Thu 7 Aug 2008
In a front page article by the San Francisco Chronicle , they describe a report by the CDC, that reveals what we in Emergency Medicine know all too well. We have become the primary care providers of the community. To quote the article:
"The likely cause is there are just fewer and fewer primary care physicians," he said. "If you were to get the flu and your doctor says, 'Sure, I'll see you in two weeks,' you may not be able to wait. It's hard for even insured people to get quick appointments and be seen quickly."
The study over 10 years from 1996 to 2006, reveals that the number of uninsured has increased by 5 million in that 10 year time frame, while the number of ED visits has increased by 32% from 90 million to 119 million visits. At the same time the number of emergency departments that have closed dropped by nearly 5%. This puts added pressure on existing emergency departments and hospital systems. I would add that those closings also do not necessarily mean more money for hospitals as most hospitals are losing money on nearly every ED visit or admission.
To quote Dr. Billy Mallon, current California ACEP Chapter president:
""The main problem with ER overcrowding is I can't get the admitting patients out. I can't get them to the ICU, to the operating room or to the wards," Mallon said.
He said people who lack access to other care options contribute more to overcrowding than patients who rush to the emergency room in nonemergency situations. "
Ahhh, finally what I have been saying all along. The Obama, McCain camps and all these other state universal health care plans that are being tried have it wrong. It is not about being insured, it is about having access to care. Insured patients cannot get access to their primary care doctor or their orthopedist or their dermatologist or their gynecologist so they are going to where they know they can get the care they need....the country's emergency departments.
So how can this be solved?
The primary care specialties need incentives to attract students. Why would a medical student select internal medicine, family practice or pediatrics, put in long hours and hardly make a living , when they can be in a surgical specialty that may pay them 400-500% more and have a better lifestyle. With the aging population the demand on ED's and hospital admissions will increase, so while it is easy to say we need to cut Medicare programs now, we will pay the price in the future. Hospitals need more dollars to have capital expansion projects in areas of need. What will Atlanta do if Grady hospital closes? Will everyone move out of Atlanta?

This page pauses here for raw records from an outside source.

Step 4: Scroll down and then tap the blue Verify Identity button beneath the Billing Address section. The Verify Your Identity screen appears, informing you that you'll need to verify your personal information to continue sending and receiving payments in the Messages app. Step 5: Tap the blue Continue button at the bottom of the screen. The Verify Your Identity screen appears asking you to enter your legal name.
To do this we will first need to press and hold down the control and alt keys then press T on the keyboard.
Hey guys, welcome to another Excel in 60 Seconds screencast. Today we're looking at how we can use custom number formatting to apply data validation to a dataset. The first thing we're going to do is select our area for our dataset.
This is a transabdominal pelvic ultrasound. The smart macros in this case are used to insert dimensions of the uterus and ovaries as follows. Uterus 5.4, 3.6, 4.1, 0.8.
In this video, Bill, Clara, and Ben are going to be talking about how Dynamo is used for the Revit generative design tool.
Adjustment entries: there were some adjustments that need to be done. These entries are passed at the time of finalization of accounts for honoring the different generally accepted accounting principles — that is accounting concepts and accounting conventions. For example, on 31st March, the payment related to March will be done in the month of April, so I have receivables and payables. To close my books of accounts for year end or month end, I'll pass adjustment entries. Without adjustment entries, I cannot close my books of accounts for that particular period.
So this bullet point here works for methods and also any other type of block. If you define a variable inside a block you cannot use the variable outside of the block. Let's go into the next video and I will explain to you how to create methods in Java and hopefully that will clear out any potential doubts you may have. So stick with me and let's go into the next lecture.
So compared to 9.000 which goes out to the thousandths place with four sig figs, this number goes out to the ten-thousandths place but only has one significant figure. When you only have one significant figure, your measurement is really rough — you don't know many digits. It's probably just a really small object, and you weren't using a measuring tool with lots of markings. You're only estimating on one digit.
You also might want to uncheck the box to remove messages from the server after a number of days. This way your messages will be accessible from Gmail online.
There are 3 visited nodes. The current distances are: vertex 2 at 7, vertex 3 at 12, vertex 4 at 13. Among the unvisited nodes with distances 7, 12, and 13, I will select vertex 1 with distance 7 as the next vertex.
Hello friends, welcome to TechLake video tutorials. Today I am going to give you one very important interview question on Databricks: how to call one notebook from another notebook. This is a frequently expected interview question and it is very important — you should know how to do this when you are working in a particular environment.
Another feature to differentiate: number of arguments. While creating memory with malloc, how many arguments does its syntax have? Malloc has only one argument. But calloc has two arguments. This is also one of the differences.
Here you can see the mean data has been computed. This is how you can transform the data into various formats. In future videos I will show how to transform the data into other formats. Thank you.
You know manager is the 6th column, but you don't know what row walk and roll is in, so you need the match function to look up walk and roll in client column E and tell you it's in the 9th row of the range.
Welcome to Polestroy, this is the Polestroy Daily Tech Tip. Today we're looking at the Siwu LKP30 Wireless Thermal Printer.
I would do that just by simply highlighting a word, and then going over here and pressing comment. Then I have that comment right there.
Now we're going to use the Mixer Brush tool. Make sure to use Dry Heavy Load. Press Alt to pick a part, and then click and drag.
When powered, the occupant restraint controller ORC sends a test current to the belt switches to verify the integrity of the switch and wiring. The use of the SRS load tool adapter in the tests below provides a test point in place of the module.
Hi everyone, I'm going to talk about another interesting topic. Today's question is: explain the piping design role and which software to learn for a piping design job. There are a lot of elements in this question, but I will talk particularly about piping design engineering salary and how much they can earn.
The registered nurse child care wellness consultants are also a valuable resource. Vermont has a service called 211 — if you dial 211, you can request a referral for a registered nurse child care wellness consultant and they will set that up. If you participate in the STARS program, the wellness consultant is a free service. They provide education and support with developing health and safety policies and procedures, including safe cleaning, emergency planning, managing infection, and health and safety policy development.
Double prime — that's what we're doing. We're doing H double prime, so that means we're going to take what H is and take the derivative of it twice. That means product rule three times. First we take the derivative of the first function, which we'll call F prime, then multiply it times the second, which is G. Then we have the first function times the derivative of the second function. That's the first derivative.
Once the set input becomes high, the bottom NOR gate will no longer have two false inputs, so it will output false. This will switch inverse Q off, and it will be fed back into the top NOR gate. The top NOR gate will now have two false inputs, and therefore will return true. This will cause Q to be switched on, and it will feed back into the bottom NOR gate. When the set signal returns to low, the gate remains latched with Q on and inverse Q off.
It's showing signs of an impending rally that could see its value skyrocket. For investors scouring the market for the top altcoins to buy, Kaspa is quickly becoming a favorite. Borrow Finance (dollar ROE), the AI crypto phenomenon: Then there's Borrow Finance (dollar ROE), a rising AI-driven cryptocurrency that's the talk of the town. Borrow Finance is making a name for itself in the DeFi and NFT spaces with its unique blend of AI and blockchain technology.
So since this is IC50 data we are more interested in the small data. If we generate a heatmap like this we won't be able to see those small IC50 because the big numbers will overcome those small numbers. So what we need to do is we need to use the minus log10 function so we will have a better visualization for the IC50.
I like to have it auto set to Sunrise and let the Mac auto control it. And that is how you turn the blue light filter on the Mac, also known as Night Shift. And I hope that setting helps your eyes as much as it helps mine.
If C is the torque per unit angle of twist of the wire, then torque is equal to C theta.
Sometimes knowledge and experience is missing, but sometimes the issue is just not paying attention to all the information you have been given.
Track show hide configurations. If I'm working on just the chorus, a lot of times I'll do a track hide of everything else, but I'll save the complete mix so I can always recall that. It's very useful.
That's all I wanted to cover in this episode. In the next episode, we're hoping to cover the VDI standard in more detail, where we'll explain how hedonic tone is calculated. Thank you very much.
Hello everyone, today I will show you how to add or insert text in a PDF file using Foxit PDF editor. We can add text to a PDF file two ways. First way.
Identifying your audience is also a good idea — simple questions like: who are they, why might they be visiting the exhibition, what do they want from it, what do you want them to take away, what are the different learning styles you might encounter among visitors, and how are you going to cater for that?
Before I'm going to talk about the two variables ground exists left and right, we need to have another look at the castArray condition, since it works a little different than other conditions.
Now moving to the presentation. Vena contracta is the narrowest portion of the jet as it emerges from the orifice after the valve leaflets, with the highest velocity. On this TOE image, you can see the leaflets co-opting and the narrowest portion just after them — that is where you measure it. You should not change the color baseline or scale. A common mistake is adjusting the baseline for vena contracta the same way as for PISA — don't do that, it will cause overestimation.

The state of our health care system is a shambles, to say the least. I would say it is a "crisis". In as little as 5 years time, I predict the system will completely collapse, meaning every ED and every hospital will be beyond capacity everyday, not just a couple days per week as it is now. The next presidential administration and congress needs to grab the bull by the horns, and get it fixed or what will develop is a system of the haves and have nots. Smart industrious healthcare administrators will start cash only hospitals and clinics that those that can afford will go to primarily and the rest will suffer in s system with little access and poor quality care. ( I won't even mention what could happen if there is a major terrorist event or natural disaster.)